WHAT IS REQUIRED: Output the data below exactly, images excluded.

INPUT DATA:

···

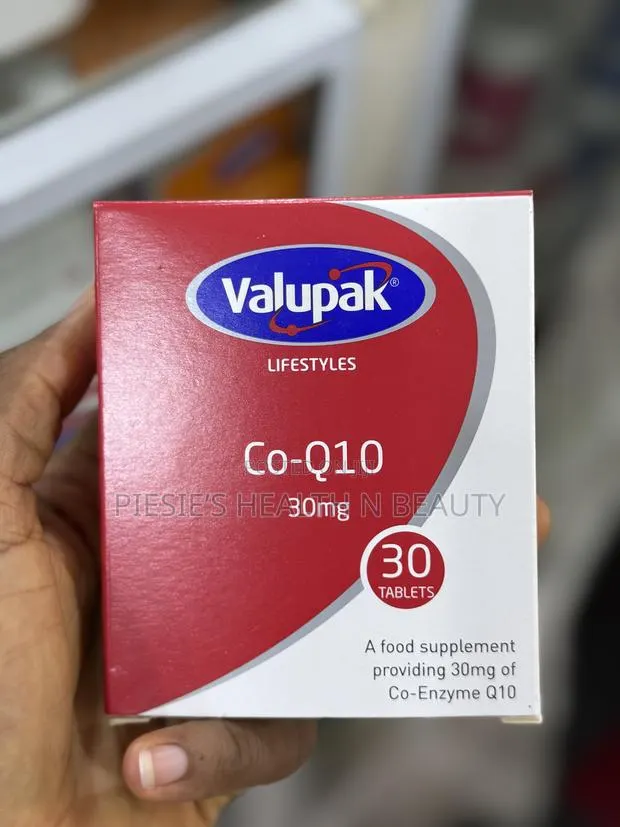 Valupak Coq10 30mg · Photo 1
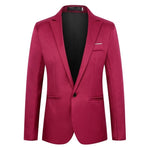Men’s Wedding Tuxedo Suit – Classic Formal Blazer and Pants Set for Business, Party & Special Events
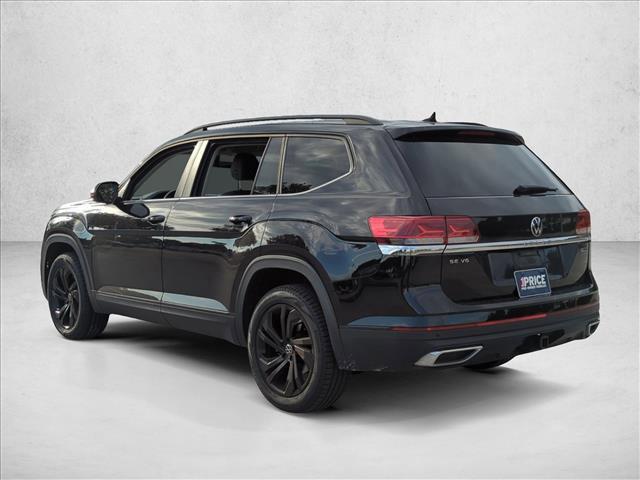 used 2021 Volkswagen Atlas car, priced at $18,931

···

OUTPUT BELOW:
 Valupak Coq10 30mg · Photo 1
Men’s Wedding Tuxedo Suit – Classic Formal Blazer and Pants Set for Business, Party & Special Events
 used 2021 Volkswagen Atlas car, priced at $18,931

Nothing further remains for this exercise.